Foi uma luta durante toda a era contemporânea para acabar com esses preconceitos, e a própria visão autodepreciativa dos povos mestiços, como nós.

Nessa luta, parte substancial foi feita por escritores e poetas, os quais, entre outros pensadores, como cientistas sociais, historiadores e filósofos, fizeram, principalmente ao longo do século XX, um lento, ciclópico e corajoso trabalho duplo: de um lado, destruir a visão preconceituosa, que tenta alijar algum ser humano como sendo inferior, apenas pelo tom da sua pele e pelas suas características culturais; de outro lado, construir a nossa identidade brasileira, que só será grande e verdadeira quando conseguir entender a grandeza de seus progenitores, a valorizar a todos, por igual: negros, portugueses e índios.

No campo da literatura, mesmo nesse campo, tão combativo e arrojado, o romantismo foi tímido por demais, assim como quase não foram além o realismo, o naturalismo, e até a primeira geração modernista. Engulo sempre com dificuldade que o protagonista do famoso romance-rapsódia de Mário de Andrade, Macunaíma, que nasceu índio e negro, tenha que virar “príncipe louro de olhos azuis” para ser atraente para a cunhada, ou para poder ser o “nosso herói”, e ficar o livro todo livre para explorar, usar e diminuir seus irmãos, o índio e o negro.

É com a chegada de novos modernistas, a partir da segunda geração, que vemos a luta ficar mais clara, e o lado ser escolhido com mais decisão, o nosso lado, o lado mestiço.

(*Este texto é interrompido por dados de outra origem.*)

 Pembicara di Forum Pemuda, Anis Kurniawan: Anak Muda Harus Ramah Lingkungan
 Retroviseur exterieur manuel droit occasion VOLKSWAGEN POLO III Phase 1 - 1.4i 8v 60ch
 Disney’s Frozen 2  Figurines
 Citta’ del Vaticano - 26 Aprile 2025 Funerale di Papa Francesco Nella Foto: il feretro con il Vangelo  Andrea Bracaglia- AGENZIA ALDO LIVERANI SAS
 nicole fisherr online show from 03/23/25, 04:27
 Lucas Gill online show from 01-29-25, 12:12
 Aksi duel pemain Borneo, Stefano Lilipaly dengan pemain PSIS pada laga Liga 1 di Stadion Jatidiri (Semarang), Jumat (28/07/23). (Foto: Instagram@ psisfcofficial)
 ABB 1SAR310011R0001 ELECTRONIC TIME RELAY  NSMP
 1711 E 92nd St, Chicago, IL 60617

Os romances de Jorge Amado, considerando o todo de sua obra, são comoventes pela mestria e dedicação com que vão criando seus heróis, marcados pela coragem, a beleza, a força, a nobreza, a grandeza e a sedução, sendo, quase todos eles, negros e mulatos, mulatas e negras.

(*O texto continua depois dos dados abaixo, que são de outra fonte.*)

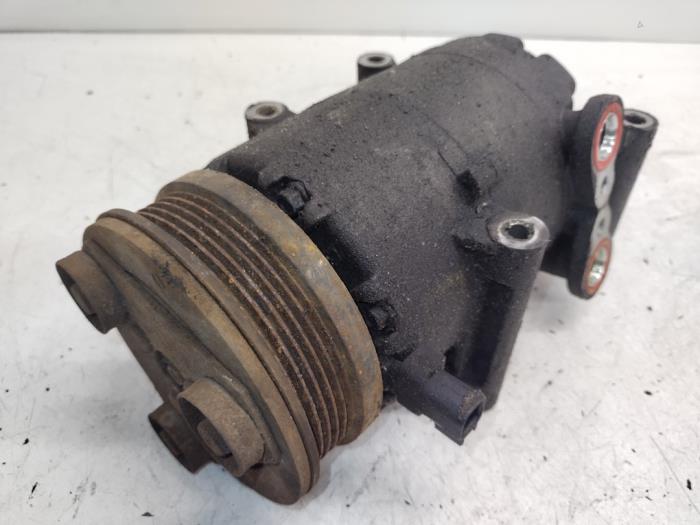 Gebruikte Aircopomp Volvo C30 (EK/MK) 1.8 16V Prijs € 35,00 Margeregeling aangeboden door Hans Auto Onderdelen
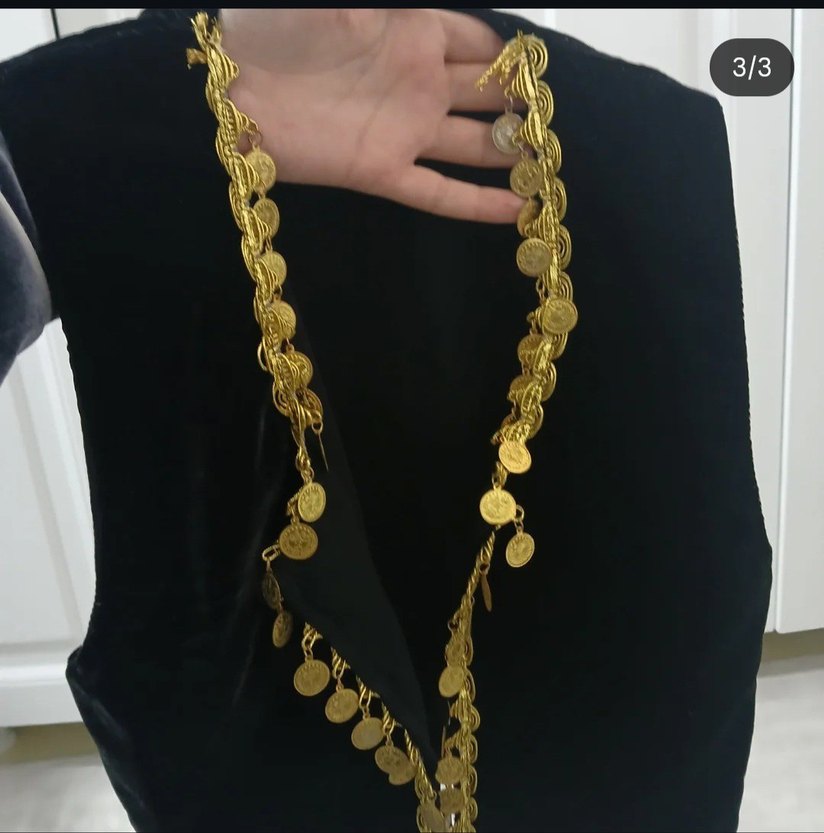 Altın Renkli İşlemeli Zincir Detaylı kadife yelek - Görsel 4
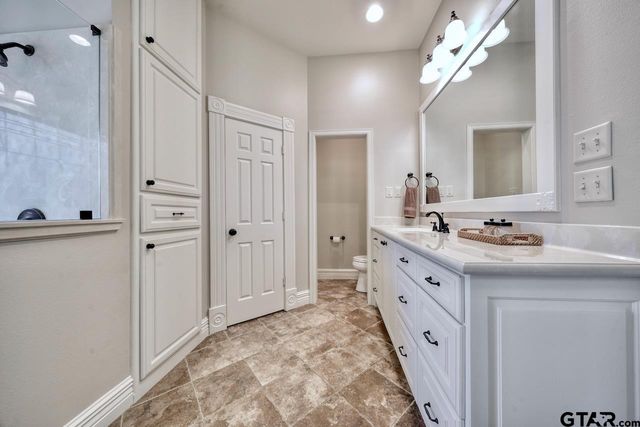1881 Valley View Lane, Tyler, TX 75703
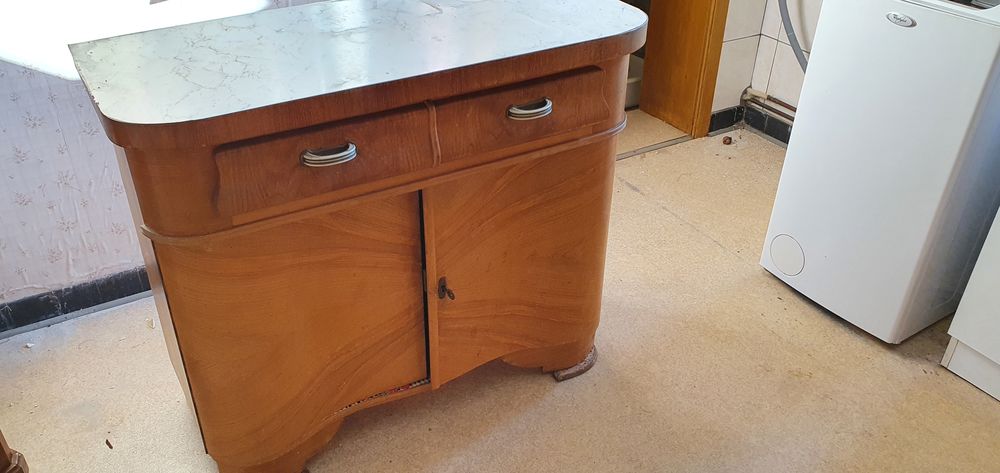 suite d&eacute;c&egrave;s buffet de cuisine vintage Meubles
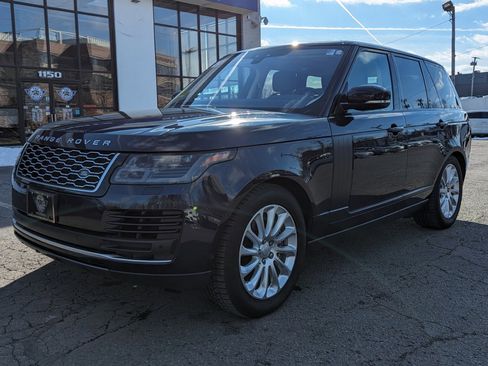 Used 2020 Land Rover Range Rover HSE image 2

De outro lado, a metralhadora giratória de Nelson Rodrigues, com seu teatro que tem mais de revolucionário social do que de psicanalítico, seu humor negro (e aqui devemos sublinhar o perigo dos lugares comuns, tantas vezes politicamente incorretos) e o seu eterno prazer de colocar o dedo na ferida, expondo todo o racismo da sociedade de seu tempo, e a incorporação dele pelo seu próprio objeto, como nessa obra prima, a peça intitulada “O Anjo Negro”.

Esses dois autores são fundamentais para a construção da ideia de nação livre e mestiça que o Brasil é, e que precisa responder à atual demanda para que discutamos e pensemos cada vez mais sobre a educação voltada para as relações étnico-raciais, em nossa sociedade.